## Raw data

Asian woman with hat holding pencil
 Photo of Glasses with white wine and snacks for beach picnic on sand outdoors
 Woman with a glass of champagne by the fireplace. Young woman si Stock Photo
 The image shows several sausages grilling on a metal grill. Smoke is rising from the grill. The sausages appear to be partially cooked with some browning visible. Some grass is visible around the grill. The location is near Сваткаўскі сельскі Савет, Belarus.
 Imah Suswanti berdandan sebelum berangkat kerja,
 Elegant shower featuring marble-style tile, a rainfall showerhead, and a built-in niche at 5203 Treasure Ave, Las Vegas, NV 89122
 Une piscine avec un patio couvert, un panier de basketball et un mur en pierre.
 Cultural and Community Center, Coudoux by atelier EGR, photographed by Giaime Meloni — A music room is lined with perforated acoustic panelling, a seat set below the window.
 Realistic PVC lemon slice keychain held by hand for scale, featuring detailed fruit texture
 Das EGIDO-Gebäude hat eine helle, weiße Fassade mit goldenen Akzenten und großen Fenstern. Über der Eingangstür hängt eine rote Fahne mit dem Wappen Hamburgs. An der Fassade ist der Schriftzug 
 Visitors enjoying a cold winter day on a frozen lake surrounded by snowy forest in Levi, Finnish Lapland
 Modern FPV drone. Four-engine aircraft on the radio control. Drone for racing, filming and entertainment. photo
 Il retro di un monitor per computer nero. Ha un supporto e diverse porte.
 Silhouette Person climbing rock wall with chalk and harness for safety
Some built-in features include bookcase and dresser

## What to work on
Copy out the listing above, line by line and exactly, from its first line to the line holding "Woman with a", inclusive.

## Solution
Asian woman with hat holding pencil
 Photo of Glasses with white wine and snacks for beach picnic on sand outdoors
 Woman with a glass of champagne by the fireplace. Young woman si Stock Photo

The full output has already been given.